For neural networks, you don't need the exact value of the sigmoid function. So you can precalculate 100 values and reuse the value that is closest to your input, or even better (as a comment stated) do an interpolation from the neighbour values.
How you can do this is described in this article (link stolen from the answer of s-lott).
This is the sigmoid function:
As you can see, only values of -10 < x < 10 are interesting at all. And, as another comment stated, the function is symmetric. You only have to store half of the values at all.
Edit: I'm sorry that I showed the wrong graph here. I've corrected it.

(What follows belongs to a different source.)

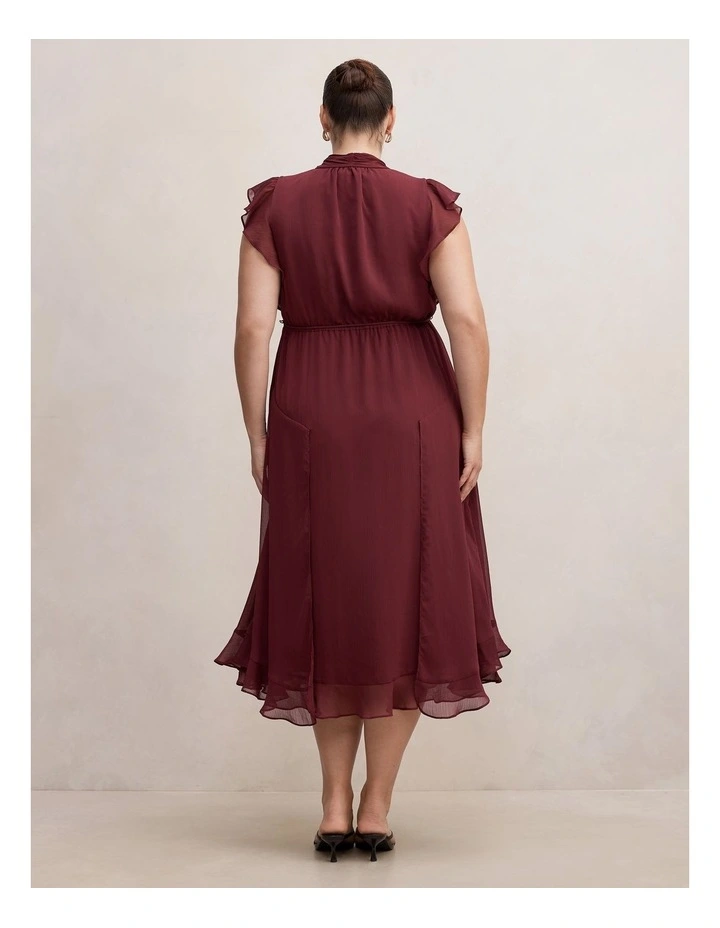 Maxwell Flutter Sleeves Midi Dress in Purple image 2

If you have a lot of nodes where the value of x is outside the -10..+10 box, you can just omit to calculate those values at all, e.g., like so ..
if( x < -10 )
y = 0;
else if( x > 10 )
y = 1;
else
y = 1 / (1 + Math.exp(-x));
return y;
Of course, this incurs the overhead of the conditional checks for EVERY calculation, so it's only worthwhile if you have lots of saturated nodes.
Another thing worth mentioning is, if you are using backpropagation, and you have to deal with the slope of the function, it's better to compute it in pieces rather than 'as written'.
I can't recall the slope at the moment, but here's what I'm talking about using a bipolar sigmoid as an example. Rather than compute this way
y = (1 - exp(-x)) / (1 + exp(-x));
which hits exp() twice, you can cache up the costly calculations in temporary variables, like so
temp = exp(-x);
y = (1 - temp) / (1 + temp);
There are lots of places to put this sort of thing to use in BP nets.
It's a pretty smooth function, so a lookup and interpolation scheme is likely to be more than sufficient.
When I plot the function over a range of -10 <= x <= 10
, I get five place accuracy at the extremes. Is that good enough for your application?
From a math point of view, I don't see any possibility to optimize it.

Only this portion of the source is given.